I made a little graph of the results. Hey, look! Pac-Man returns for a sequel! It’s not an exact 80-20, but close enough. It seems that Bush wanted more than his 20 percent. So I call this the wide-mouth version of Pac-Man.

A couple of housekeeping details about my decidedly simplistic graph.

First, I’m putting the cost of the wars in Afghanistan and Iraq squarely on the shoulders of Bush. This isn’t totally fair, even though he was the self-described and world famous Decider. It has to be acknowledged, though, that three more years of the wars have continued under Obama and he hasn’t done enough to bring them to and end.

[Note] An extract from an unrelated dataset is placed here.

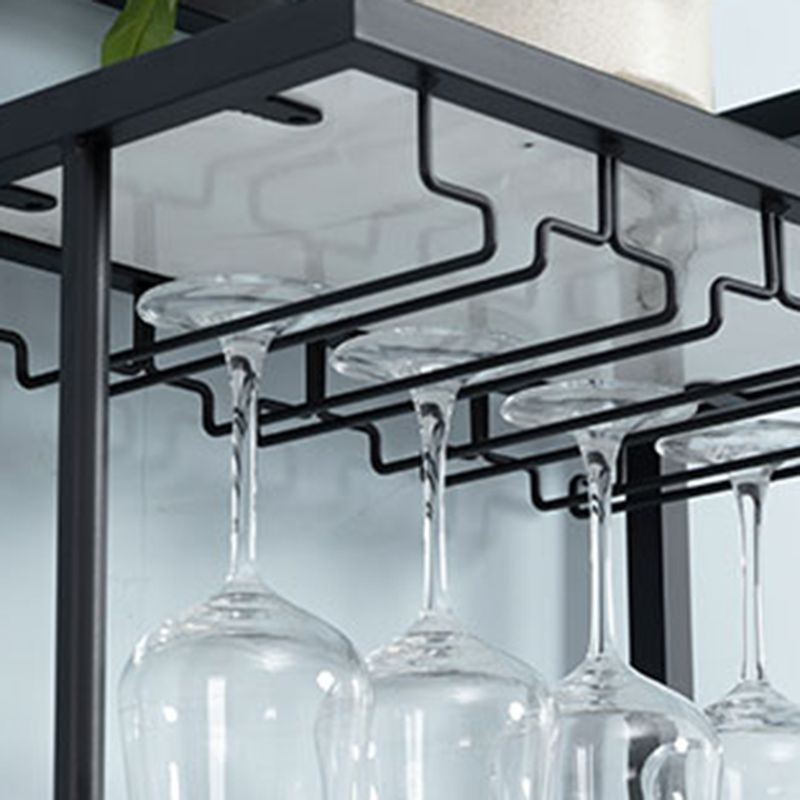 Contemporary Bar Dining Table Metal Frame Bar Table with Wine Rack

Second, this tinker toy of a graph only credits Bush with with a share of the debt equal to the costs of the wars (estimated). I’m making the assumption that those costs increased the debt that amount. After all, unlike World Wars I and II, where we sacrificed deeply, we didn’t pay for these new wars out of our pockets. We put them on credit. We didn’t want something like wars impacting our lifestyles. Well, buying things on credit doesn’t come cheap. I heard somewhere that just the interest to fund these wars will turn out to be at least one trillion dollars.

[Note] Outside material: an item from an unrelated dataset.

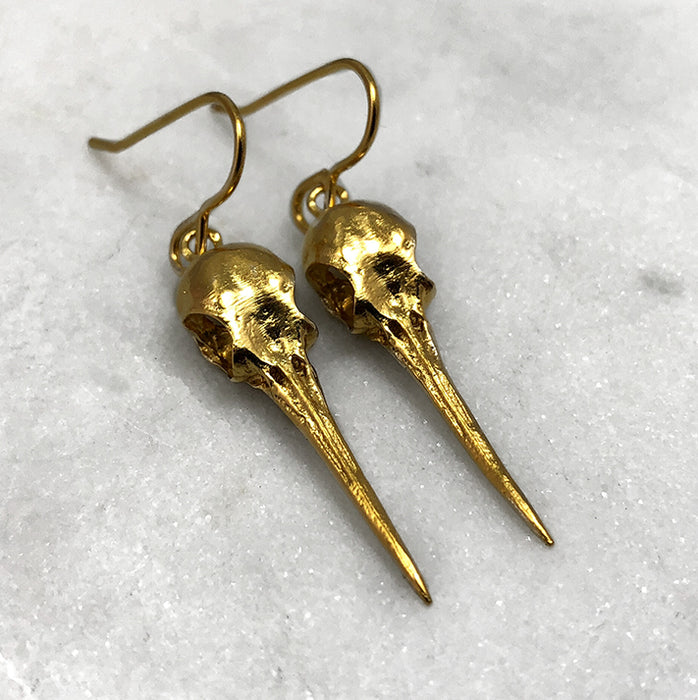 Gold Hummingbird Skull Earrings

By the end of the Bush administration, the cost of the wars in Iraq and Afghanistan, plus the cumulative interest on the increased borrowing used to fund them, will have added about $1 trillion to the national debt.

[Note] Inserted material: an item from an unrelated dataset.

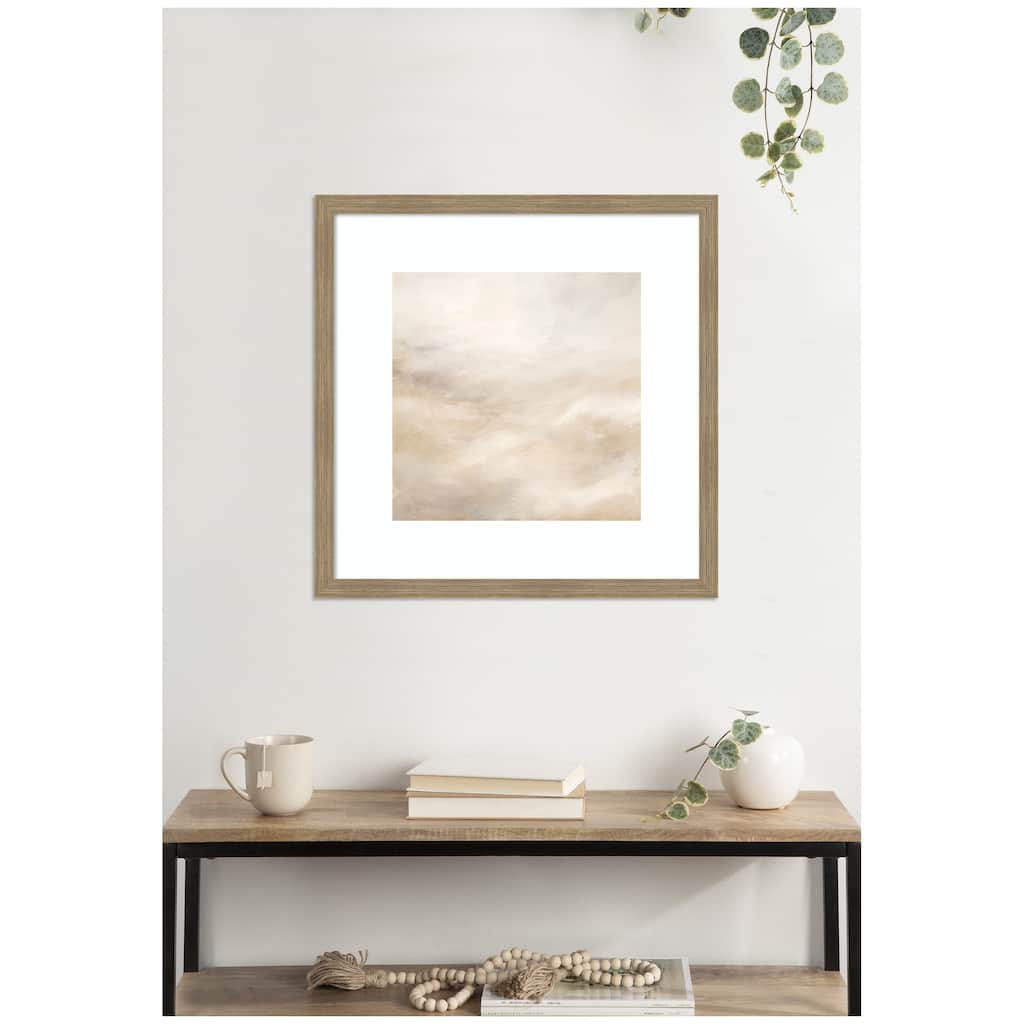 Kate and Laurel Tonal Textural White and Beige Neutrals by The Creative Bunch Studio Framed Wall Art Print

Source: The Washington Post

Clearly the interest for putting the wars on credit is not cheap.

On the other hand, the pie slice attributes absolutely nothing else to Bush, and we all know he did other things to raise the national debt.

Therefore, I personally think the graph is an excellent representation of the effects of a single human being (namely George W. Bush) on the national debt.

That’s my case against Obama being known as the “undisputed king of debt.” Yes, like Hot Air points out, we’re still comparing eight years of Bush against three years of Obama. That is true and, at the end of Obama’s presidency, the graph might look a lot different.

I will close out this post by admitting this: I originally thought the graph would end up looking more 50-50 and less like Pac-Man. That is what my gut told me but my research didn’t bear that hypothesis out. Still, I think that is one whopping big pie slice for a single man. That is my main point here.

When we get into macroeconomics there are often many difficult, confusing and conflicting ways to look at things and break the numbers down. No doubt a lot of people will rip my reasoning to shreds here. Have at it. Got differing opinions? I’d love to hear them. I’m not doubt wrong about a lot of the nitty gritty details and my assumptions and my limited understanding of things so macro. Feel free to correct me all you want. 🙂

4 responses

  1. You’ve chosen some delicious-looking colors for your pie chart.

    I found this set of charts about the economy, showing where the U.S. was in January 2009 and where we are now. We are in bad, bad shape, and there’s nothing good in sight if we continue on this ruinous path. The Obama Presidency By the Numbers:


    1. Thanks for the link. That was interesting stuff. I can’t help wondering, though, how many of those facts are a direct result of Obama presidency. Like the decline in median home value. Perhaps things like the rampant greed of the repugnant banking and mortgage industries had a little something to do with it? Who is to blame? Industry? Obama? Bush inertia?

      My graph tries to pin things down that a “Decider” could be directly responsible for. Things like the longest war in American history.

      My graph doesn’t address the two tax cuts by Bush, either. That’s another estimated $1.3 trillion that could have made his slice in the deliciously-colored chart even bigger than shown.


  2. I actually blame Cheney, but I suppose that’s not the issue.


    1. I understand that feeling. Especially with his book out and him spouting his opinions about this, that and the other thing.